■ What you need to do
Once you find the line containing "Fun Sporty Centered", output it and every line after it to the end of the records, exactly.

Source data:
=== Section Start ===
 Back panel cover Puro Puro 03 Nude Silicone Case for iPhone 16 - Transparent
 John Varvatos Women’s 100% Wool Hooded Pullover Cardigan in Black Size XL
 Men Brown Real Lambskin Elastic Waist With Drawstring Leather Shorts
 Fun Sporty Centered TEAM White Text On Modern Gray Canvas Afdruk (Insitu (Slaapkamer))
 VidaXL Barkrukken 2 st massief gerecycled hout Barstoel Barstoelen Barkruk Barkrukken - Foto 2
=== Section End ===
■ Problem solution
 Fun Sporty Centered TEAM White Text On Modern Gray Canvas Afdruk (Insitu (Slaapkamer))
 VidaXL Barkrukken 2 st massief gerecycled hout Barstoel Barstoelen Barkruk Barkrukken - Foto 2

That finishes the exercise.